Among his many worries, as he faces the inevitability of growing older Mr. Brown frets a lot about money.

Brown fears he lacks the financial resources to make his way comfortably through his declining years. This is an eventuality he feels powerless to prevent, as apparently saying yes to life costs money.

I am plagued by the fear of having no money to retire on: it looks as though I will be working until I drop. I realize the disgusting self-indulgent irony of this: here I am traipsing around the Cotswolds, heading on to Italy, taking ski trips in British Columbia (albeit on someone else’s dime, at least for two thirds of it), and I have the gall to worry about money. But I can’t seem to avoid it. I don’t have the money to spend, but I don’t want to say no to what life is left.

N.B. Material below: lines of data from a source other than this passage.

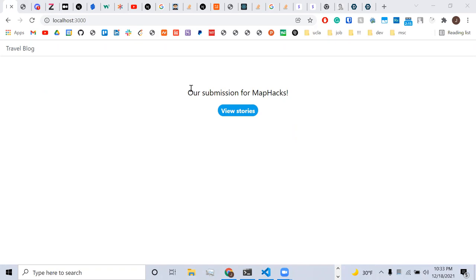This is our project for MapHacks. It is a travel blog which allows users to share their experiences with trips they've had with others.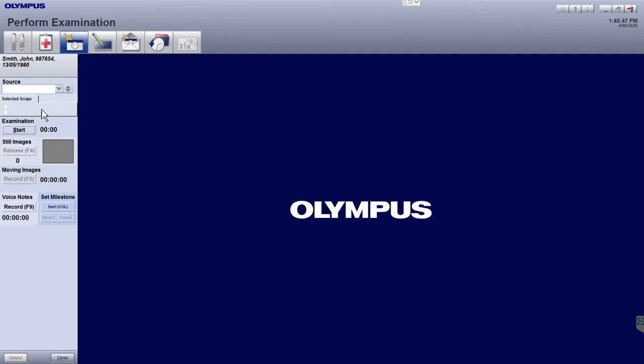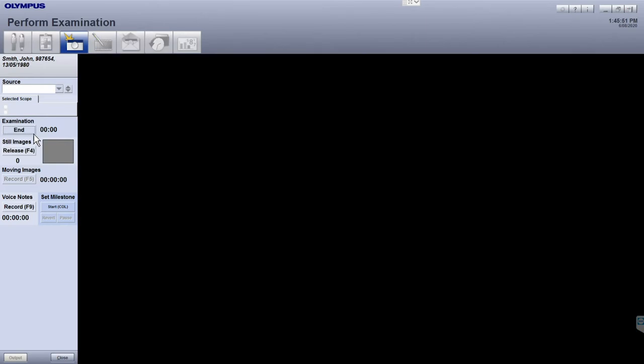Before you begin capturing images into Enderbase, you will need to start the examination. You can do this by pressing that start button, or by pressing the designated trigger button on the scope or camera head that has been configured to capture images.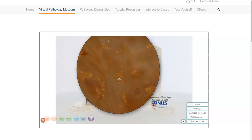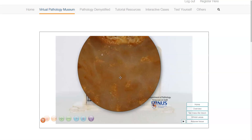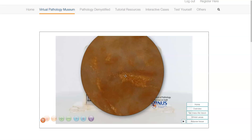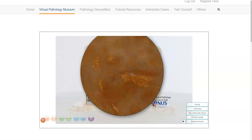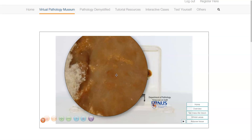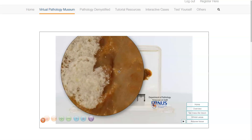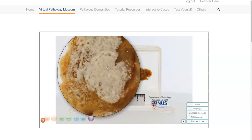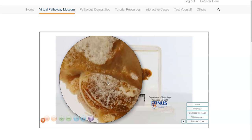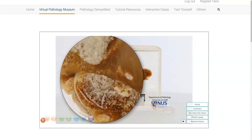We can see that there is some degree of variation in colour. We have whitish areas, which show the fibrous tissue and breast parenchyma, and then we have some yellowish areas, which represent fatty tissue, and over here is fatty tissue showing some degradative changes.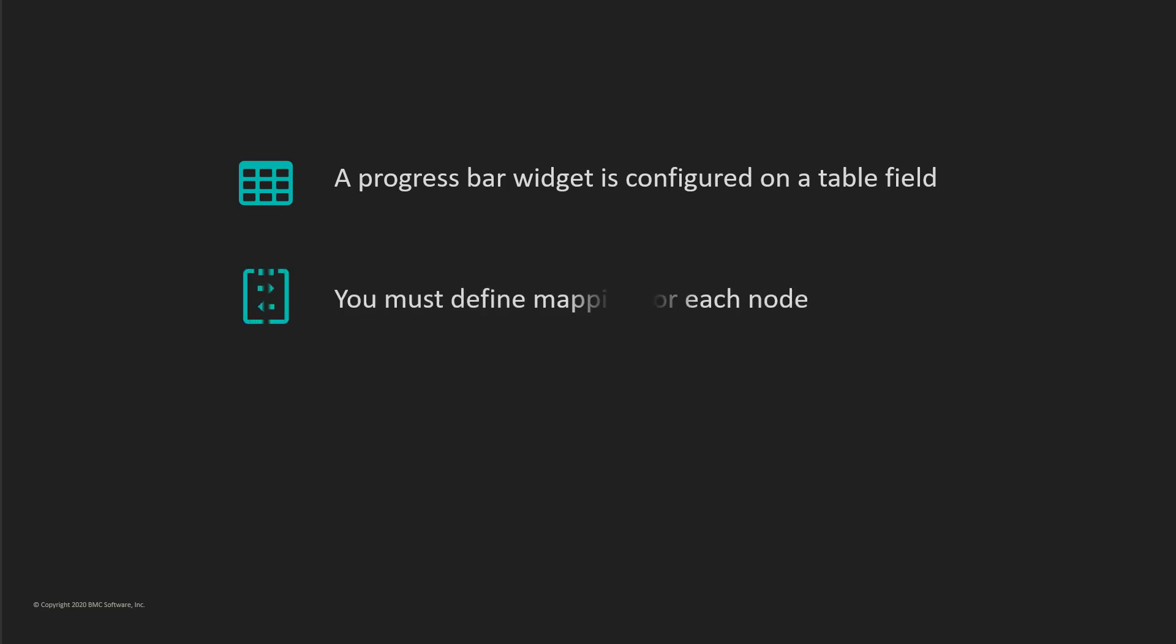You must define the mapping for each node on the progress bar. You must not duplicate the mapping. You can use the AR System Progress Bar Widget Mapping form to define the color of the progress bar.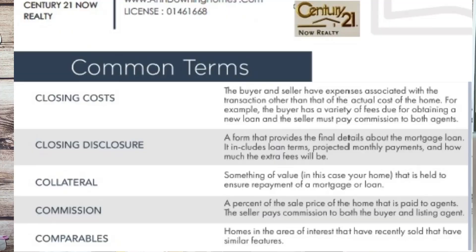Closing Cost: The buyer and seller have expenses associated with the transaction other than the actual cost of the home. For example, the buyer has a variety of fees due to obtaining a new loan, and the seller must pay commission to both agents.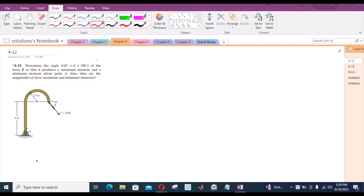Welcome back to the Solutions Manual. In this video, we will solve problem 4-12 on R.C. Hibbeler Engineering Statics 12th edition. According to this problem, we have to determine the angle theta — between 0 and 180 degrees — of the applied force so that it produces a maximum and minimum moment about point A, and then determine their magnitudes as well.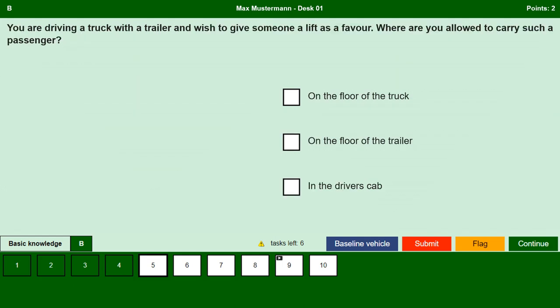You are driving a truck with a trailer and wish to give someone a lift as a favor. Where are you allowed to carry such a passenger? On the floor of the truck — no, passengers are not allowed to be accommodated on the floor of the truck. On the floor of the trailer — no, passengers may not be transported on the trailer. In the driver's cab — yes, passengers are allowed in the driver's cab but only in a seat equipped with a seat belt.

So I keep spending, and thus must keep working. 126

It is a disturbing idea that saying “Yes” to life may be unaffordable.

Perhaps aging is the time to start saying “Yes” to activities that are not a financial burden. Perhaps saying “Yes” to life might look like: sitting in the back yard watching the birds, reading to a child, going for a walk, sitting in silence, having an intimate conversation, cooking and sharing a meal. Saying yes to life does not have to cost anything. And, it may be that the more we genuinely say “Yes” to the simple possibilities life offers, the less we will find ourselves tormented with fears of loss.

Closely related to the fear Mr Brown experiences when he ponders aging is the regret that overwhelms him when he looks at the past.

On holiday in the Cotswolds in south central England, Brown writes,

Lying in bed, I couldn’t overcome the fear that I have wasted my life, wrecked it, spoiled it. 119

He “wrecked” and “spoiled” his life because, in his own assessment, he has not achieved enough of value in his professional life.

I look back on my life before forty and deplore what I see; I hate myself for my lack of seriousness, my lack of productivity…. I knew nothing, understood nothing, had not grasped how one must start working and keep working, early on and every day, if one is to create something to show for one’s life – as a writer, as a journalist, as a human being. I’m not talking about fame; I’m talking about something to show for one’s existence on the planet, to pay off the gods of regret. Even a decent stamp collection would do it. 15

The reason for Mr. Brown’s professional failure is clear to the author,

there is the argument to be made that there is not much point in literary ambition, after all, especially when you can argue (as I can) that I haven’t been anywhere near ambitious enough. 50

Mr. Brown has lacked adequate ambition to drive himself forward into the elusive land of adequate achievement.  And, as he looks forward from the gloomy state of 60 years old, Brown anticipates he sees no hope of making the journey to success in the future. He finds himself hindered he says, by fear.

I could have another thirty-five productive years. Let’s say twenty-five conservatively, if luck is with me. Let’s hope for it. That’s the same as being twenty-five and getting to fifty. That’s enough time to become the thing I want to be, whatever that is, time for another career, another self, another life, time to get it out of me, onto the page, into the air, into the heart. I wish it was not so hard not to be afraid. 125, 126

As long as I am living in the land of good, better, best, fear will always lurk just around the corner. The problem is measurement and evaluation. The goal of aging is not to finally reach the great heights of achievement but to resign entirely from the drivenness that always accompanies any life fuel by the need to achieve.

When I give up measuring there is much less to fear. My declining abilities do not matter. I no longer need to be seen as a great success. I begin to locate my identity within myself, rather than in making a big impression and racking up an impressive list of accomplishments. This is the route to true freedom.